(Material supplied begins)

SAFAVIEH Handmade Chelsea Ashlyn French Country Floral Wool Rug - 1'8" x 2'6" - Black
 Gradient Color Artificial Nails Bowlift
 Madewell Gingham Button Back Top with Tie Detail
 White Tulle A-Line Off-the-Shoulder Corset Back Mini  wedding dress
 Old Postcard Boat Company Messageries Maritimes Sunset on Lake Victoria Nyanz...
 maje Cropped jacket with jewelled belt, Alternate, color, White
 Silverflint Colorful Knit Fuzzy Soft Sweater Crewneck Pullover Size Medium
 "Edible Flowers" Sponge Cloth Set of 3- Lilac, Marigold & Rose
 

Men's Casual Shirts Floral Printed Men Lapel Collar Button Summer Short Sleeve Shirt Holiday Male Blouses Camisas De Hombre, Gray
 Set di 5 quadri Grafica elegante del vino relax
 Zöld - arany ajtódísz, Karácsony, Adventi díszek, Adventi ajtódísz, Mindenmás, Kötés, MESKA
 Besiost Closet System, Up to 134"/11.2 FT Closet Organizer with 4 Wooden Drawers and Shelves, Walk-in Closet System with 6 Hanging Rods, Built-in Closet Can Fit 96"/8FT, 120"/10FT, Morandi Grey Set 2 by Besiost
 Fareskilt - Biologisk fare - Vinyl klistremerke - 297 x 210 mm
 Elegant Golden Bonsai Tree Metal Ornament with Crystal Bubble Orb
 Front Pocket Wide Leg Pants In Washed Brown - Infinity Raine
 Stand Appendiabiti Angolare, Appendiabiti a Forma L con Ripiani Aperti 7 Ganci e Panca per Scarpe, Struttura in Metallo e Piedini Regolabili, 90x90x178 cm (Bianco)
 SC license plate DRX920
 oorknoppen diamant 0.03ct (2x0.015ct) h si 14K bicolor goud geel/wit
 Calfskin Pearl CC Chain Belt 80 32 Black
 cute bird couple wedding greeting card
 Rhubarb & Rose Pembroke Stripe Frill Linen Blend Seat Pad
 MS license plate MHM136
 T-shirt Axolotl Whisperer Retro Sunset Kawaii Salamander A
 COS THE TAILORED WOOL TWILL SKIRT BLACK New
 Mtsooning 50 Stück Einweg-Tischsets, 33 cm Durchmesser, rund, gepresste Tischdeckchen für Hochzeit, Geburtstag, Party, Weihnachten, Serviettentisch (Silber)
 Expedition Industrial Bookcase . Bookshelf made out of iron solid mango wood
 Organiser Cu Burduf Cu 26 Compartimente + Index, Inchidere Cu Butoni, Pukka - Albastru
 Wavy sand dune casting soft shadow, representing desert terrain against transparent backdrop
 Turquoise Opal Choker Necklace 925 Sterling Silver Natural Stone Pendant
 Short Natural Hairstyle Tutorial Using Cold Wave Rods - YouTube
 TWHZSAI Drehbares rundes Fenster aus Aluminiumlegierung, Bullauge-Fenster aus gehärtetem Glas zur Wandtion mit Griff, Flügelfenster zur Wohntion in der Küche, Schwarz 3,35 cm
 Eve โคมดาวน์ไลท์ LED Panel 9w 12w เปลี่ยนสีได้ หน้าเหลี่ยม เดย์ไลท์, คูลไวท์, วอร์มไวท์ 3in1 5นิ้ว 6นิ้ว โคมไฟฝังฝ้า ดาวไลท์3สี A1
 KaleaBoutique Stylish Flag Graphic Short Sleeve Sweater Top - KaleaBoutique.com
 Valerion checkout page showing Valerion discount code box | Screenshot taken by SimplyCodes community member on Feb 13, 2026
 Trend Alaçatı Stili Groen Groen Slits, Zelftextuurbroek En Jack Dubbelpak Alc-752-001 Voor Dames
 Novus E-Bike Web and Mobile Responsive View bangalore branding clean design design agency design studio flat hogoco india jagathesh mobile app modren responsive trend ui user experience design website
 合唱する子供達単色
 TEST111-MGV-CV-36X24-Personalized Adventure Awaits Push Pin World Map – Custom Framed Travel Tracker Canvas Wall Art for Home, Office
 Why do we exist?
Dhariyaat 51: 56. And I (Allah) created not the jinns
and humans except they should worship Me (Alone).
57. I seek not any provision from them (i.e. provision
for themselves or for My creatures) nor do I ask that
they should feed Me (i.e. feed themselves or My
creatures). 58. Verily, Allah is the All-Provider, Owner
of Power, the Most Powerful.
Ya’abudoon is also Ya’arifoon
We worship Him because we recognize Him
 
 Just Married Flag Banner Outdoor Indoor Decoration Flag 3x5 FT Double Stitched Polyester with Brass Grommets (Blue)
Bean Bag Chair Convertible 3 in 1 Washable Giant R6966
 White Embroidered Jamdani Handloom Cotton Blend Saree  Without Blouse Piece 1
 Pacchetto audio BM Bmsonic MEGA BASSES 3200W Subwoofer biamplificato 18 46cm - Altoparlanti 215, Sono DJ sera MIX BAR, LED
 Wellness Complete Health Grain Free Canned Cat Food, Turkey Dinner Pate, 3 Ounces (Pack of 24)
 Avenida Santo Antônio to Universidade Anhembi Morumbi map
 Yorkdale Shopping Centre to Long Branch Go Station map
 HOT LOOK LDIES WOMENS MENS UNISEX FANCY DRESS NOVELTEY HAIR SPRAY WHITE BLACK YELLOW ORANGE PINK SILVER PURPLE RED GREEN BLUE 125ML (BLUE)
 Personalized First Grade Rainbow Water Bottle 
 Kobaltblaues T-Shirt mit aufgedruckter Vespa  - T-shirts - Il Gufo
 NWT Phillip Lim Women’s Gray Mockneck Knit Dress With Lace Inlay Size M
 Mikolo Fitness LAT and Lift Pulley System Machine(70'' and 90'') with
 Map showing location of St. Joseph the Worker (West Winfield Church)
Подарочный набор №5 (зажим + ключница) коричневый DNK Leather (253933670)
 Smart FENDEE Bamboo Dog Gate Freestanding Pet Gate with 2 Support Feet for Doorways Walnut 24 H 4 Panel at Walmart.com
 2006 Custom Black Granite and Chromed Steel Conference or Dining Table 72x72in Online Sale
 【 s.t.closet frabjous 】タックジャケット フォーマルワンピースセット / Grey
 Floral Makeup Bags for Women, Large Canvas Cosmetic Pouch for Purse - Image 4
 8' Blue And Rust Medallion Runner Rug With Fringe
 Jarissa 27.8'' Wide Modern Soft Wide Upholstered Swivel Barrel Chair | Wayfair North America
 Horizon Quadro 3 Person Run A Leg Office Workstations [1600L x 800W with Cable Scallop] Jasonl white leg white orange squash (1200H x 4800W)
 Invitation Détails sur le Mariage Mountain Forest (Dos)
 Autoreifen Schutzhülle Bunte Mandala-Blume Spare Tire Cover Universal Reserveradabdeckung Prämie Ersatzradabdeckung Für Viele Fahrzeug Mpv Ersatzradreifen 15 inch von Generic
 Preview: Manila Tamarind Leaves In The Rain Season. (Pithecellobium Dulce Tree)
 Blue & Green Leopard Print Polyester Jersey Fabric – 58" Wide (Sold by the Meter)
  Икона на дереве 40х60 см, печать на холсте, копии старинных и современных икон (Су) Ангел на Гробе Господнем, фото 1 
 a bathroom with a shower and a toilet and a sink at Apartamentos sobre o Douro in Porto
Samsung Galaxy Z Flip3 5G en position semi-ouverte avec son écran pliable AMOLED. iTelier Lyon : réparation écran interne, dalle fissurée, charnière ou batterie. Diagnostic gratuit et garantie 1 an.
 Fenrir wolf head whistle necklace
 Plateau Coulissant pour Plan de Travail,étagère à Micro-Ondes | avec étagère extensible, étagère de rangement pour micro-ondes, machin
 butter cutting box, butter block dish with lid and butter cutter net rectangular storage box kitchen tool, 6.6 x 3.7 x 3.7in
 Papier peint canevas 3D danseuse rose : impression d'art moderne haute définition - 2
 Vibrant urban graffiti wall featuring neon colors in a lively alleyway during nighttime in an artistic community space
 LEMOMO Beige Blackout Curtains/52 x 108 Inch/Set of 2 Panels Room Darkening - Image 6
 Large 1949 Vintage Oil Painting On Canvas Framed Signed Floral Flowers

(Material supplied ends)

**Task directions**
Given the data above, transcribe exactly the lines from the one containing "for themselves or" down to the one containing "White Embroidered Jamdani", and no others.

**Result for this exercise**
for themselves or for My creatures) nor do I ask that
they should feed Me (i.e. feed themselves or My
creatures). 58. Verily, Allah is the All-Provider, Owner
of Power, the Most Powerful.
Ya’abudoon is also Ya’arifoon
We worship Him because we recognize Him
 
 Just Married Flag Banner Outdoor Indoor Decoration Flag 3x5 FT Double Stitched Polyester with Brass Grommets (Blue)
Bean Bag Chair Convertible 3 in 1 Washable Giant R6966
 White Embroidered Jamdani Handloom Cotton Blend Saree  Without Blouse Piece 1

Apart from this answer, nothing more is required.